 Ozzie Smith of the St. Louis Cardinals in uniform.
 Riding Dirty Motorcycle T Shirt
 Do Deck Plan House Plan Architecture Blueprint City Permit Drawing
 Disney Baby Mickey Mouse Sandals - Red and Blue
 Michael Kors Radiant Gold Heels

**TASK STATEMENT**
Output only the lines from the one with "Do Deck Plan" through the last line of the entries above; please keep them exact.

**WRITTEN REPLY**
 Do Deck Plan House Plan Architecture Blueprint City Permit Drawing
 Disney Baby Mickey Mouse Sandals - Red and Blue
 Michael Kors Radiant Gold Heels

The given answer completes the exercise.